I agree with the focus on inequality. The sense that society is fundamentally unfair has a corrosive and a radicalising effect on politics. People can react to it in very different ways, from redistribution to out-group scapegoating, but the underlying motivation is that people see that there is vast wealth available in our society and they're still struggling.
Where I may disagree is that most people are non-ideological. Not everyone, but a healthy majority. They aren't focused on the philosophical roots of a candidate's policies. They care that the candidate
Many people can find that in candidates with a variety of ideological positions. The overlap between people who supported Bernie after the great recession, and went on to support Trump is bigger than one would expect.
So the equation is much less zero sum. You don't lose one reactionary for every radical you bring into your camp. There really aren't that many committed radicals and reactionaries.
The most toxic message today is the economic moderate. "Hey, it's not so bad. Things could be a lot worse." This is the zero sum relationship. You can't keep both the people who are doing well and like how things work, and the people who are struggling and want the life they deserve. The material difference isn't left vs right, it's status quo versus change. There's a lot more room for flexibility in the change camp.
Yes, but not everyone who wants change wants the same change, and so not every change candidate is going to appeal to every voter, even if most of them are looking for some kind of change.
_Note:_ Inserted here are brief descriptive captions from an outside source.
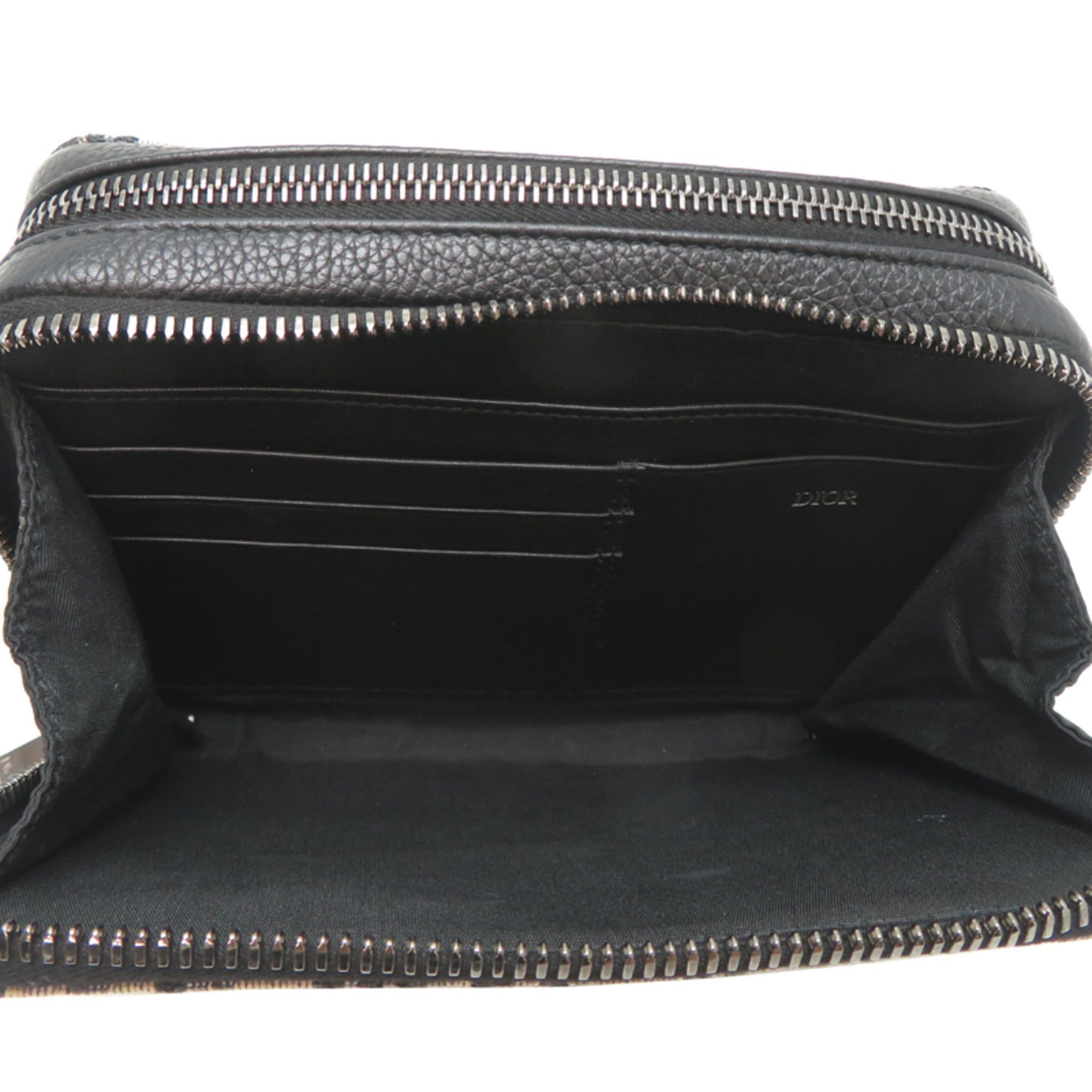 Dior Christian Dior Dior Zip Pouch with Strap, Women's/Men's Shoulder Bag, 20BBC119YSE_H05E, Fabric, Black Size ONE SIZE - 5 Thumbnail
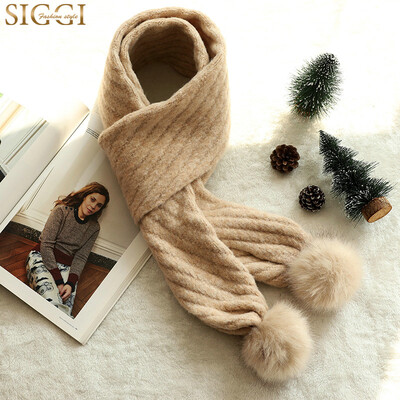 

Siggi DJ99652 new scarf female autumn&winter Korean students tide fashion wild warm widened shawl dual-use bib female double hair ball rice camel color 20025CM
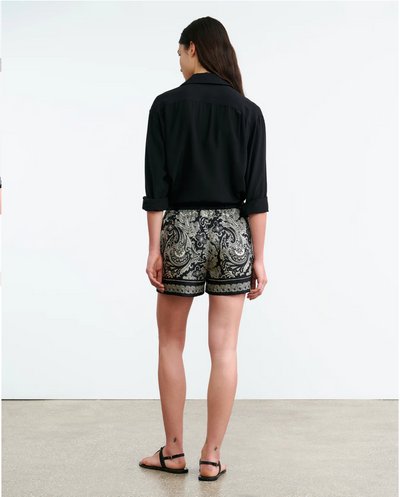 FRANCES SILK SHORT IN BLACK/IVORY PAISLEY SCARF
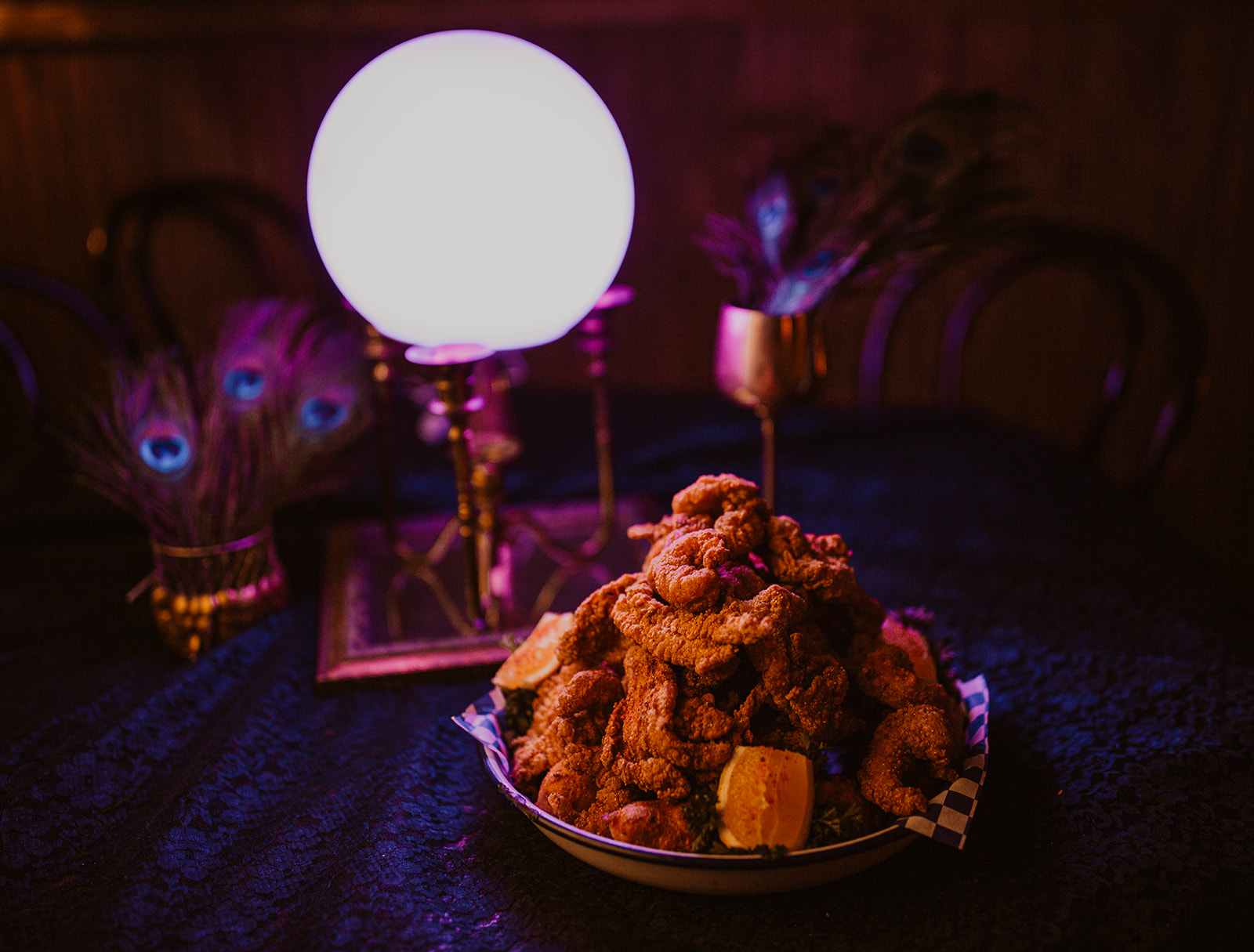 Ina Mae Shrimp Platter Etta Kit2 for Ina Mae Tavern’s Month Long Mardi Gras Celebration (1/24 2/21), Featuring Tarot Card Readers, Drag Bingo, & More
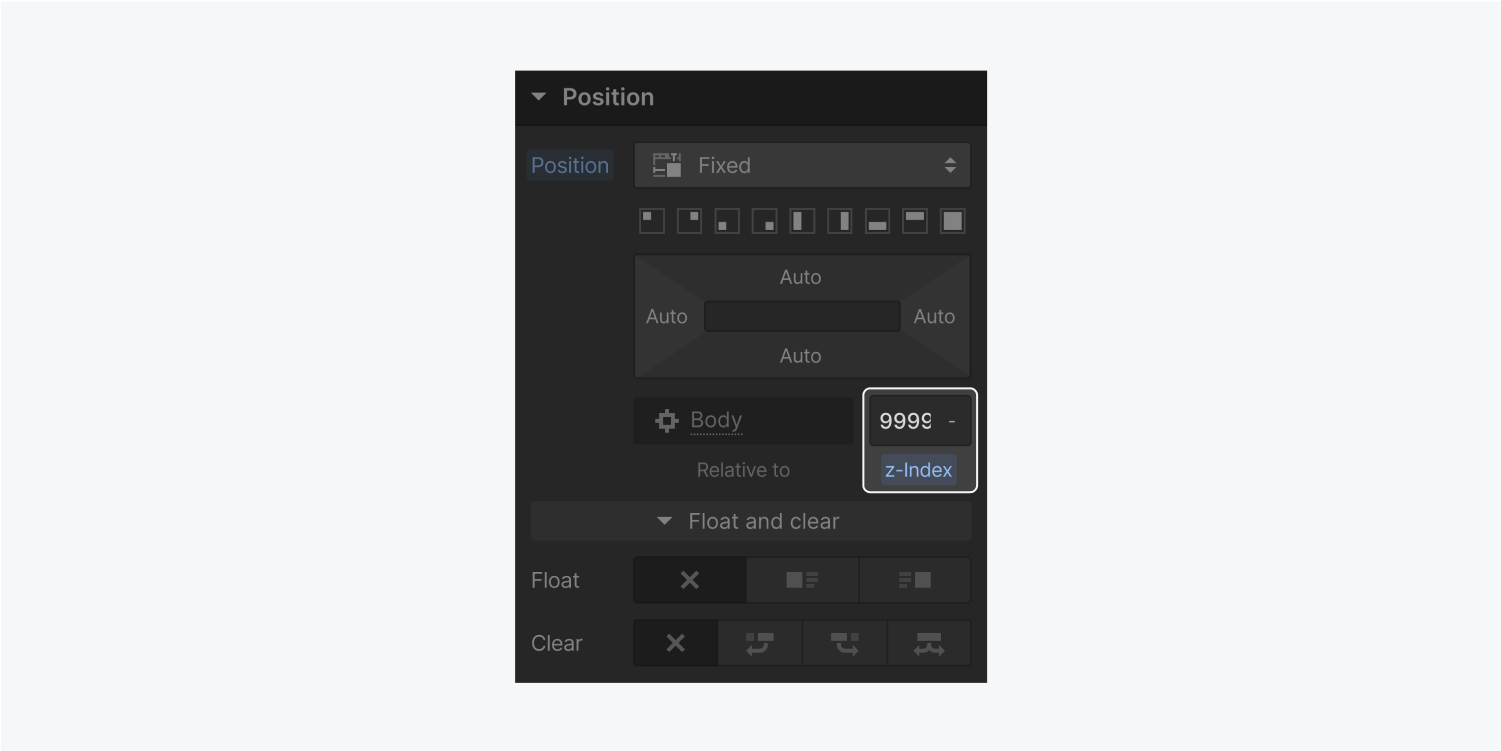 The z-Index input field with 9999 entered is highlighted in the position section of the style panel.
I would agree that both Bernie and Trump were change candidates, but their differing levels of success shows which change message spoke more to the American people.
I agree that a political campaign promising change is the way to go (that's been true since Obama in '08), but which one? I think it's reasonable to assume that a change campaign built on economic populism is the way to go, but Bernie tried that twice and he lost twice.
Denial of the plain fact that society is fundamentally unfair makes it impossible to come up with solutions, or at least mitigations.